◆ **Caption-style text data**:
#####

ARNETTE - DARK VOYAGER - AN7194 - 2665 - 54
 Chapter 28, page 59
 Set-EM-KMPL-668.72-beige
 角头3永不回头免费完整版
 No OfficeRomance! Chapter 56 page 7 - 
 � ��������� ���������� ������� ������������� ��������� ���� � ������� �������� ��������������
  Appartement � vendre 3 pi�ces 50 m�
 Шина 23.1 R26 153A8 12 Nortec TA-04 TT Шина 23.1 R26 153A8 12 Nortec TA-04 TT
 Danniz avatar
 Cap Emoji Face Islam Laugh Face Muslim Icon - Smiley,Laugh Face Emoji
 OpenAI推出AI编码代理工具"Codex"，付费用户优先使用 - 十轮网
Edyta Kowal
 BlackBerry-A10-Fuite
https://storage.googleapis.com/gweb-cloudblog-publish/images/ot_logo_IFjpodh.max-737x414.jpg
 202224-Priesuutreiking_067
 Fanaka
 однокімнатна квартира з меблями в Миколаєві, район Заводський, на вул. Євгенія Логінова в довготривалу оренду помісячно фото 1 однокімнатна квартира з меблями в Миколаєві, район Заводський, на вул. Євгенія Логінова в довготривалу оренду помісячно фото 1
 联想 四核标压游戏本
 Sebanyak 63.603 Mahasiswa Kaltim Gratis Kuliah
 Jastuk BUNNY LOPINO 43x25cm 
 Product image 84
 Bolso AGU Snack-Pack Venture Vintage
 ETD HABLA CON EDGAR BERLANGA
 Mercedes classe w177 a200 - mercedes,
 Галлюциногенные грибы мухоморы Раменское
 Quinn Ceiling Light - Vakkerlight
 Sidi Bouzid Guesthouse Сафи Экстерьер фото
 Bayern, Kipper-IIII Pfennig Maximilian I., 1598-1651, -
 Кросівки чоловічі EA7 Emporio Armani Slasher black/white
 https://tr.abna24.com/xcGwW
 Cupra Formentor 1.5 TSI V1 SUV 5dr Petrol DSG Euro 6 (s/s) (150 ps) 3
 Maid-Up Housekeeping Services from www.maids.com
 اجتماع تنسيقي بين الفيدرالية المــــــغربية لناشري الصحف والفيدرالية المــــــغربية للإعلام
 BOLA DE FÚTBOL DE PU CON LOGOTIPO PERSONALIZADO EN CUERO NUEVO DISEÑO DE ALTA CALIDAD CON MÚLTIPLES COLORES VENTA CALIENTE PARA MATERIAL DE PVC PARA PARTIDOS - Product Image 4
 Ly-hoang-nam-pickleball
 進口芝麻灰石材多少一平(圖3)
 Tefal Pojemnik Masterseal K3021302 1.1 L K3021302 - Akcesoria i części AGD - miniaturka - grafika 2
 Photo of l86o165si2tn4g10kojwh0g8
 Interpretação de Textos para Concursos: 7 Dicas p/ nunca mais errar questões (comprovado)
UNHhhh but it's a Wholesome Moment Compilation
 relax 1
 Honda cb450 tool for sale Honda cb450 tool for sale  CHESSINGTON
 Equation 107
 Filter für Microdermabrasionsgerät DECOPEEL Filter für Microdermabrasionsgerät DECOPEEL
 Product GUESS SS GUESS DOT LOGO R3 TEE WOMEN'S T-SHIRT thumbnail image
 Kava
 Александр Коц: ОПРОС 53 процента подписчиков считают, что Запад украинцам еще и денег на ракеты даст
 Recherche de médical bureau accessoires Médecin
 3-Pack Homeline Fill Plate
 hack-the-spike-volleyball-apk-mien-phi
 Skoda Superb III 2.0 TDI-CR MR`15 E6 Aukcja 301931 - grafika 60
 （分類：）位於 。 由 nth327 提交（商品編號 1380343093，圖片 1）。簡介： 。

#####

◆ **PROBLEM TO SOLVE**:
Some lines above hold the word "Product". Copy all of them.

◆ **TASK ANSWER**:
 Product image 84
 BOLA DE FÚTBOL DE PU CON LOGOTIPO PERSONALIZADO EN CUERO NUEVO DISEÑO DE ALTA CALIDAD CON MÚLTIPLES COLORES VENTA CALIENTE PARA MATERIAL DE PVC PARA PARTIDOS - Product Image 4
 Product GUESS SS GUESS DOT LOGO R3 TEE WOMEN'S T-SHIRT thumbnail image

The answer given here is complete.